Les fonds de capital de risque américains ne s’y trompent pas, « ils veulent investir ici », note-t-il. « Ce qui est complètement nouveau, c’est qu’ils sont prêts à le faire dans des entreprises sans les forcer à déménager aux États-Unis. Il y a vraiment une reconnaissance dans le milieu économique qu’on a quelque chose à apporter. »

L’intelligence artificielle, selon le rapport de PwC, a ajouté 1,9 milliard au produit intérieur brut du Québec entre 2017 et 2021 pour des recettes fiscales de 400 millions pour les deux gouvernements.

« C’est un investissement à long terme. »

On ne construit pas un secteur économique en criant ciseaux. La Silicon Valley a pris des décennies à se mettre en place. On n’est pas les seuls à investir, le train avance ailleurs.
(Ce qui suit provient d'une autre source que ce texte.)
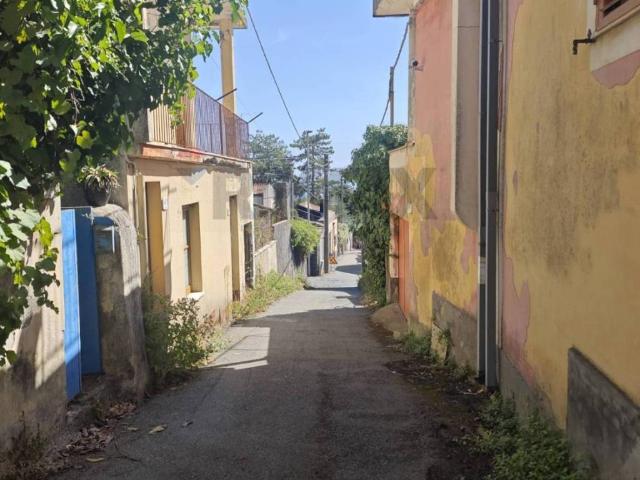Villa Indipendente in vendita a Zafferana Etnea, Sicilia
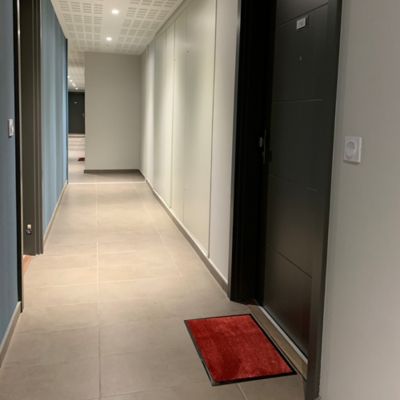Tapis en microfibres rouge 40x60 cm avec semelle en PVC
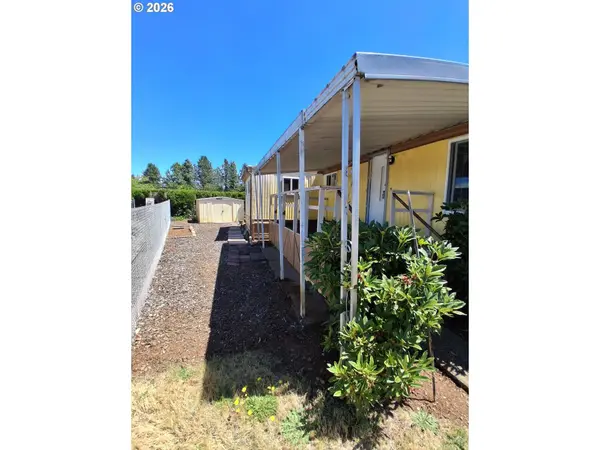 15130 S Maple LN #44, Oregon City, OR 97045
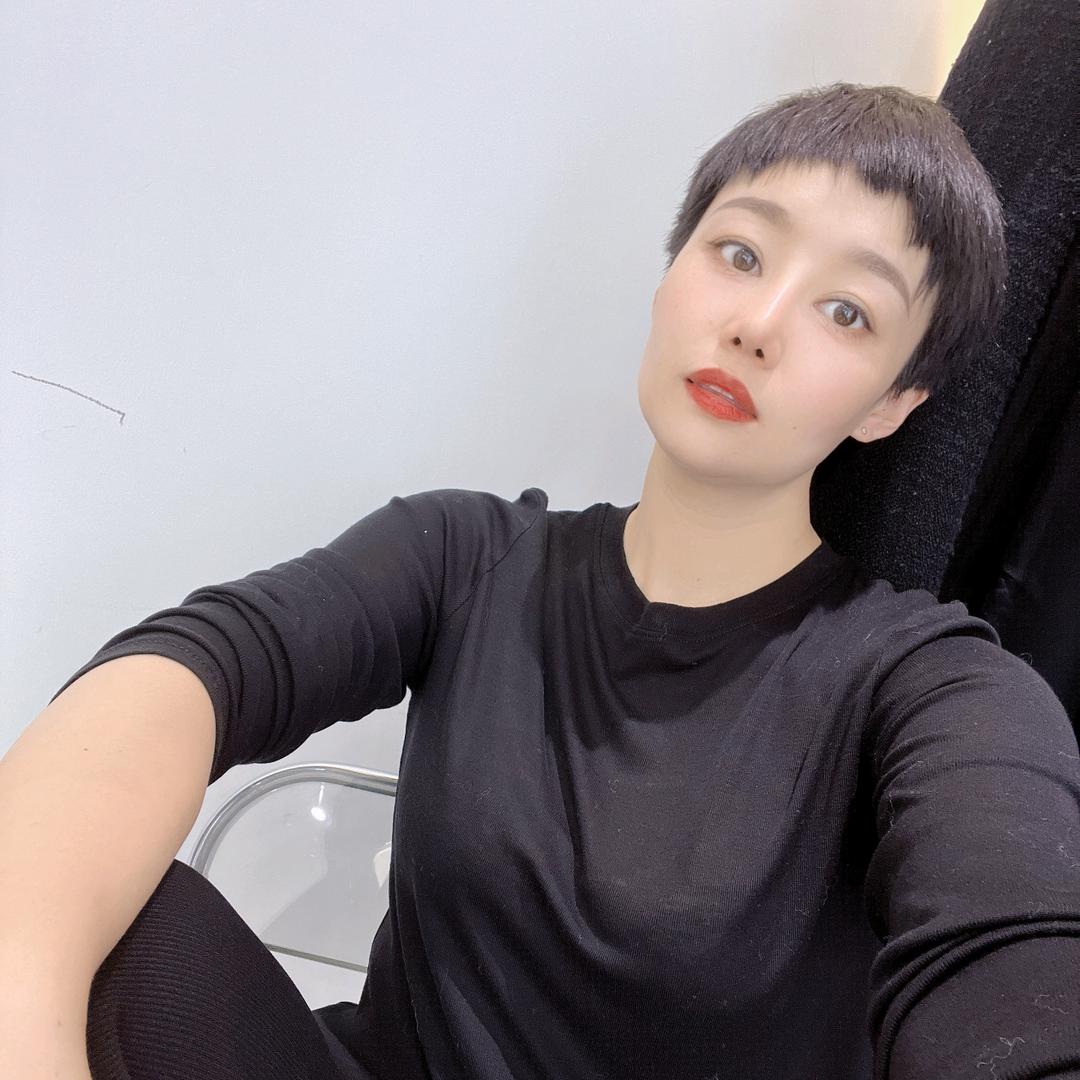 周沫🌳杭州萧山苗直发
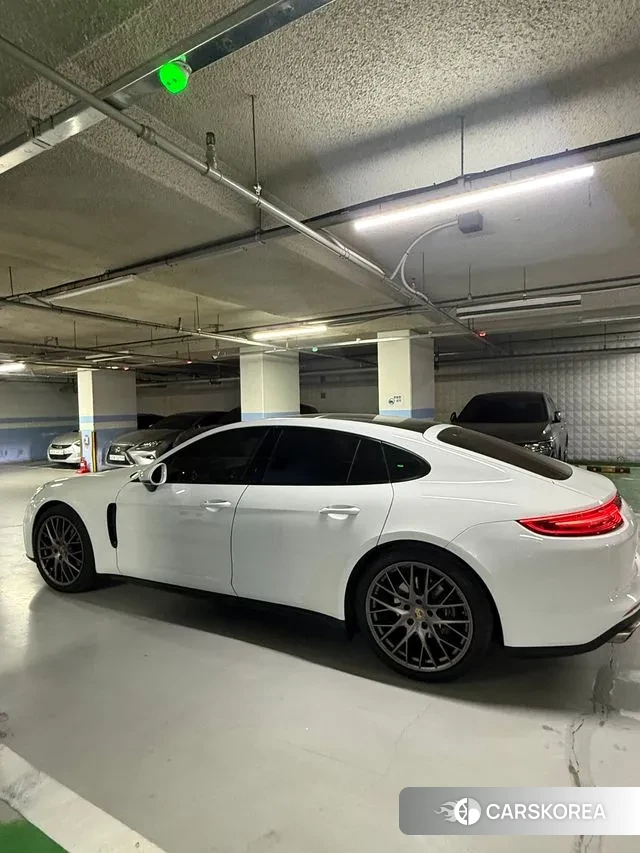 Porsche Panamera (971) 2020 Белый из Кореи, фото 5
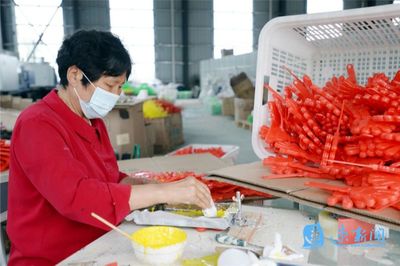 图说|扶贫车间助农增收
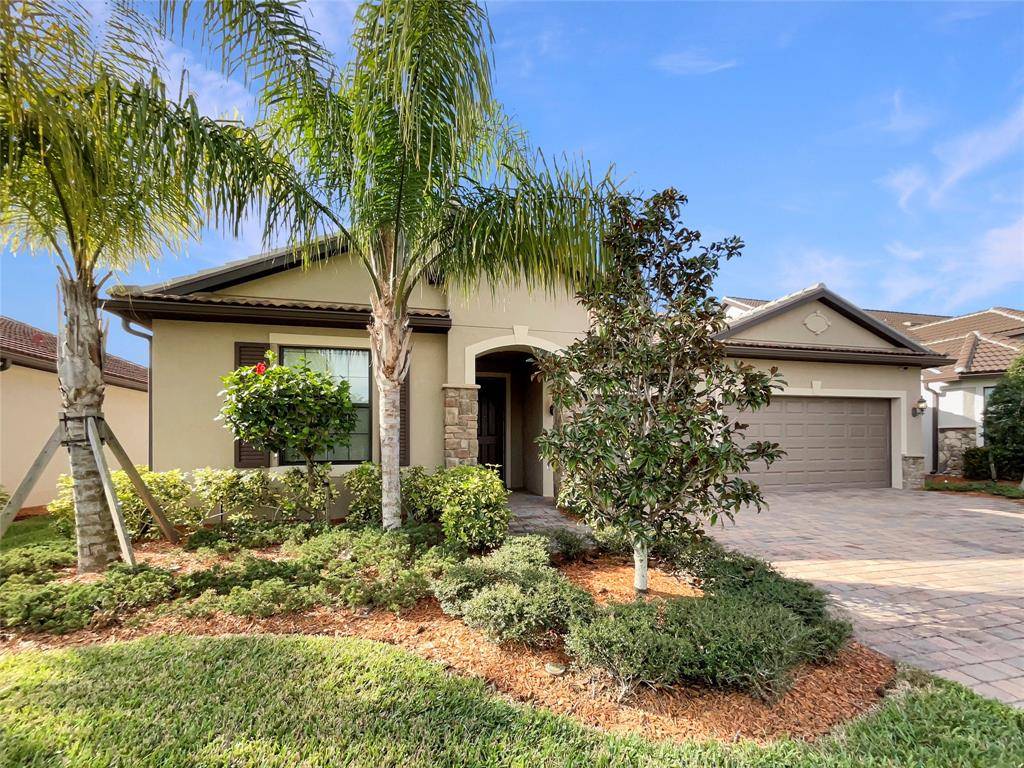 744 SE Villandry Way, Port St Lucie, FL 34984
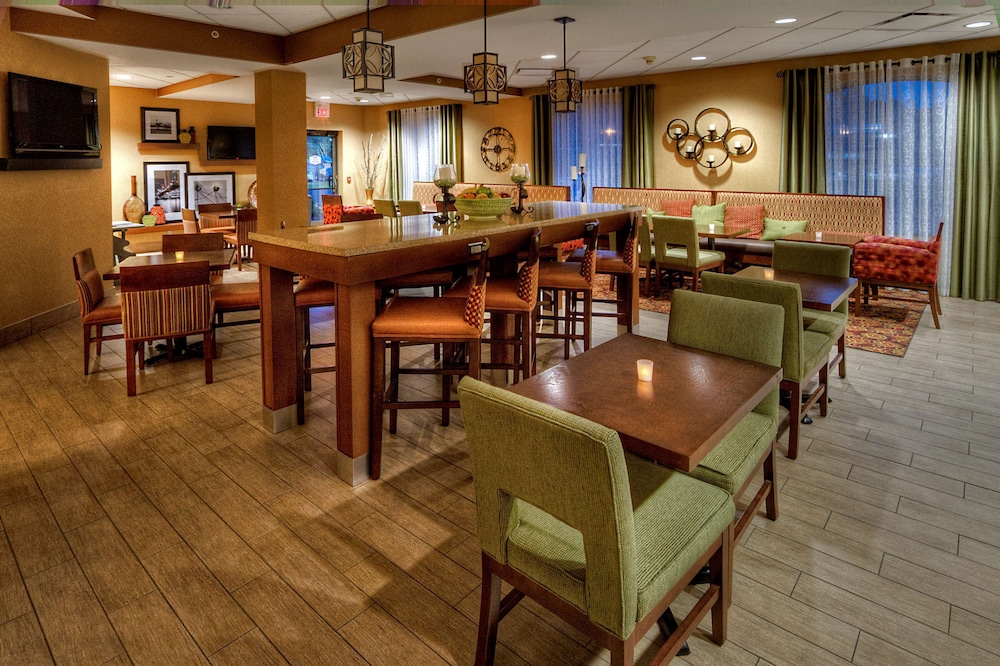 Hampton Inn Pittsburgh West Mifflin - photo 6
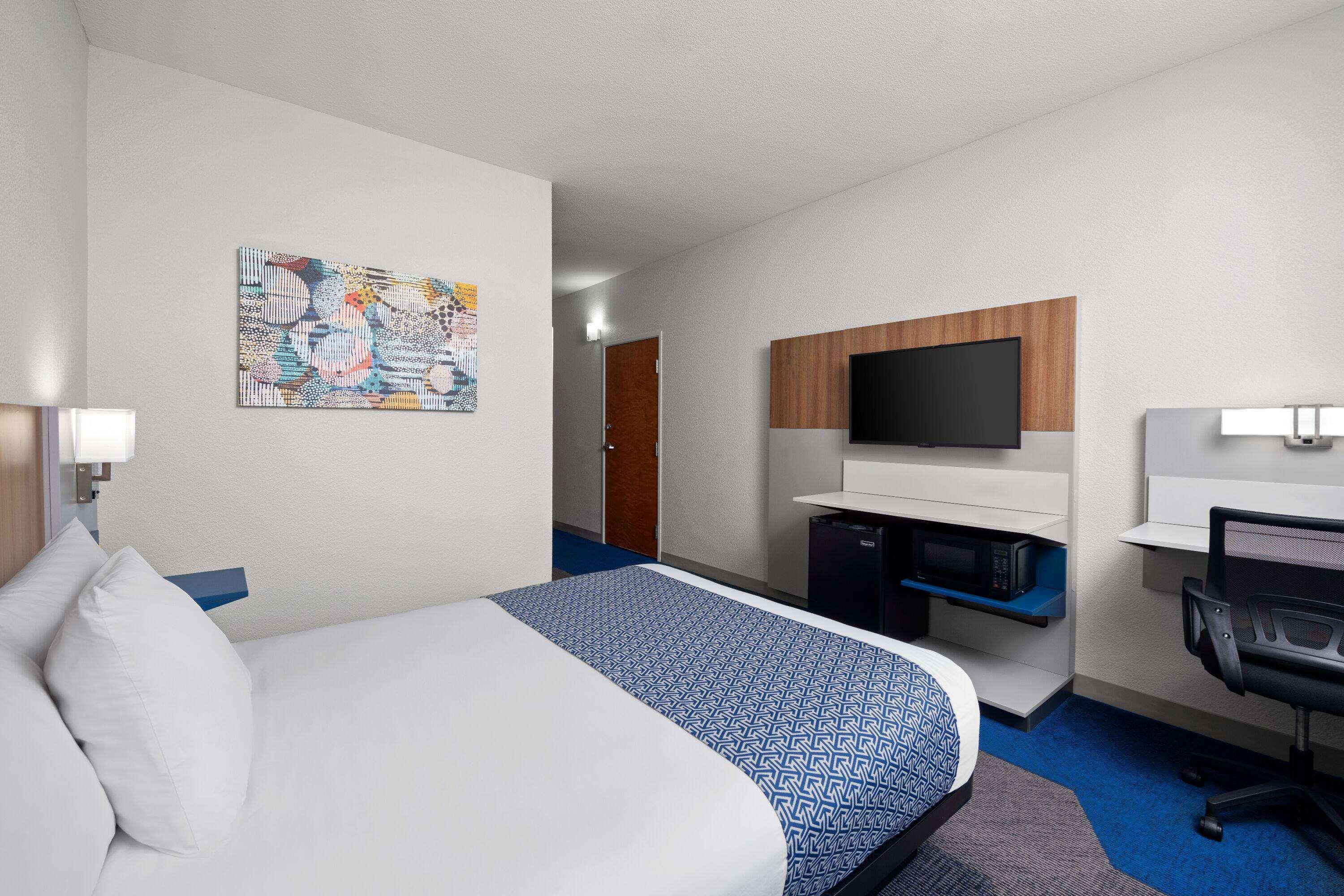 Suite, Queen Bed, Smoking, Accessible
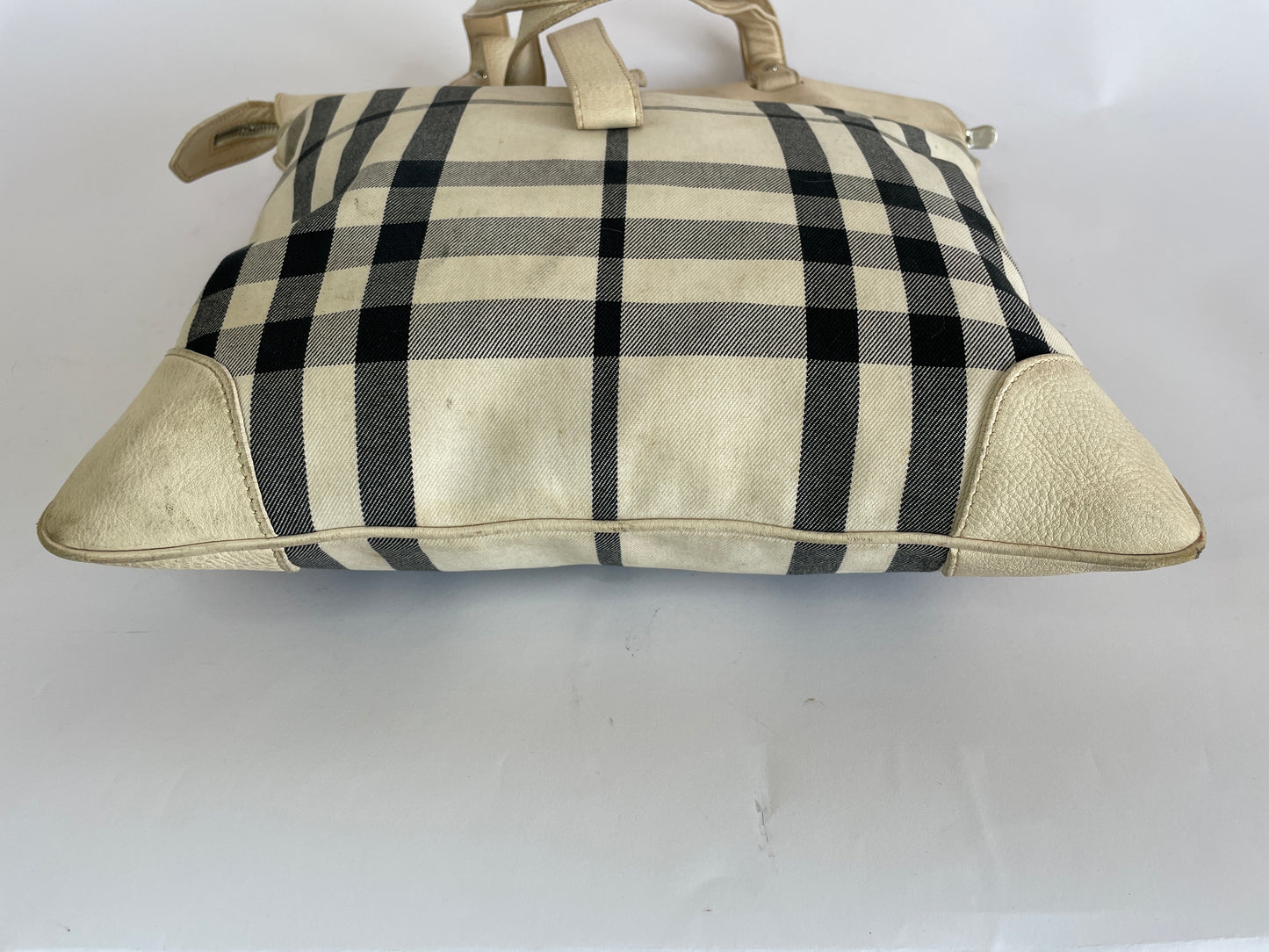 BURBERRY
White Leather Black Check Tote Bag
Yoshua Bengio, chercheur en intelligence artificielle et professeur à l’Université de Montréal

Investissements positifs

Là où le Québec doit s’améliorer, selon Tortoise, c’est pour son « infrastructure », qui lui vaut le 34rang mondial. C’est notamment loin du classement du Canada dans son ensemble, qui est au 17rang à ce chapitre. On inclut dans ce calcul la disponibilité d’infrastructures fiables, notamment pour l’accès à l’internet ou les capacités de supercalcul et de disponibilité de bases de données pour l’apprentissage profond, mais également des statistiques comme le nombre de téléphones intelligents par personne et la disponibilité de la 5G.

« Il faut prendre ça avec un grain de sel, estime Marie-Paule Jeansonne. L’étude Tortoise confirme tout de même qu’on a réussi à bâtir un écosystème très fort, de classe mondiale. »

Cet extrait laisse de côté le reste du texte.